De Raffaele (Reyer Venezia): “Pargo ha quella leadership che ci mancava”

Rincorsa è il sostantivo che ha accompagnato in questa stagione l’Umana Reyer Venezia. Dal ruolo di corazzata candidata al ruolo di anti Milano insieme a Reggio Emilia e Sassari, i lagunari hanno dovuto fare i conti con una annata segnata dai continui infortuni (da Peric ad Owens passando per Goss ultimo in ordine di tempo). I due  recenti successi conquistati hanno calmato le agitate acque in cui stava navigando il team del patron (e primo cittadino) Brugnaro.
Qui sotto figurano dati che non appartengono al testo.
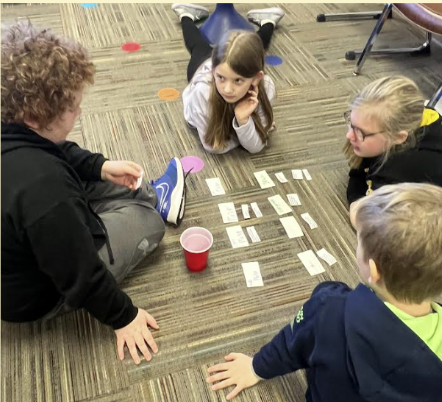 STEM Students sitting on the floor playing cards 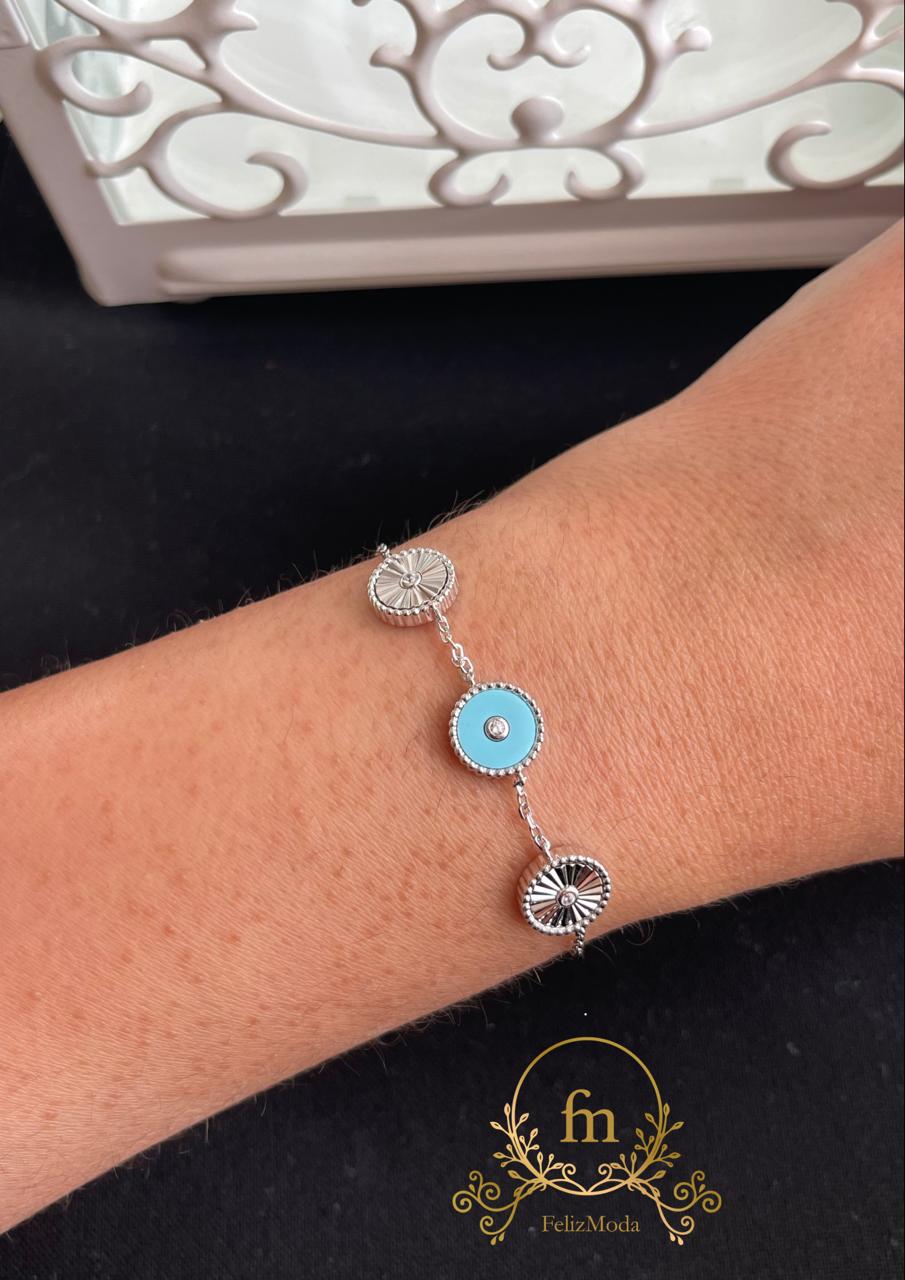 Three round pendants two silver and one Fayrouz silver bracelet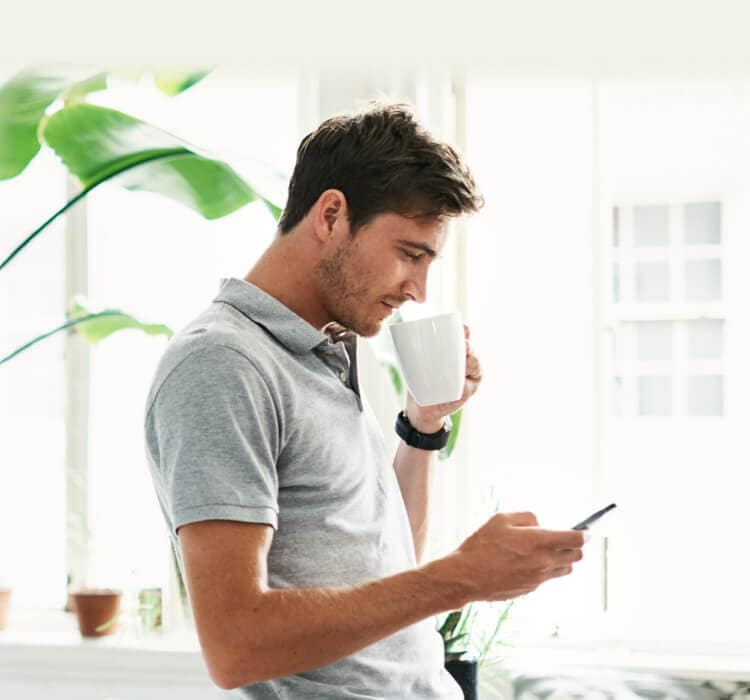 Férfi kávézik, miközben mobiltelefont tart a kezében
Contro la Sidigas la Reyer mercoledì si gioca la possibilità di conquistare il quinto posto in classifica. Per Walter De Raffaele, subentrato a Carlo Recalcati lo scorso febbraio, si tratterebbe di una vera e propria vittoria.

«Giocheremo contro una eccellente squadra. Temo tantissimo la fisicità e la loro compattezza. Sarò ripetitivo nel dire che sono loro la vera avversaria di Milano. Mercoledì partiranno col favore dei pronostici. Avere in squadra gente come Nunnally o poter alternare due registi come Ragland e Green fa comodo a tanti allenatori. Avellino merita gran rispetto per quanto sta facendo». E’ il pensiero del tecnico dei veneziani che abbiamo contattato nel secondo fine settimana del campionato in cui non si giocheranno gare di campionato (Varese domani alle 20:30 giocherà la finalissima per il titolo di Fiba Europe Cup).

Riscatto è la parola che sta accompagnando in queste settimane il cammino degli orogranata: «Gli infortuni non ci hanno lasciato tregua. Oltre Peric ed Owens, abbiamo avuto quelli di Goss ed un Ress non al 100 % della forma. Gli innesti sono arrivati col fine di dover sostituire e non rinforzare».

L’impatto di Pargo: «Jeremy attacca il canestro sistematicamente e sa prendersi tiri anche se marcato: ha grande personalità».

Bilancio per De Raffaele alla guida della Reyer in sostituzione di coach Recalcati: «Ho preso la squadra a febbraio in una situazione difficilissima. La prima operazione è stato tener compatto un gruppo con tanti validissimi elementi. Non era scontato risalire la china. Credo che andare ai playoff sia un ottimo traguardo anche perché non dobbiamo dimenticare che siamo usciti fuori dalla griglia per un periodo. Poter lottare per il quinto posto è un gran stimolo per noi».

Sorpresa Stefano Tonut: «Avere un giovane italiano e di gran prospettiva suona sempre come una buona notizia. E’ stato bravo a ritagliarsi il suo spazio. Ha davanti a sè ancora tanta strada da fare ma siamo soddisfatti per come si sta comportando».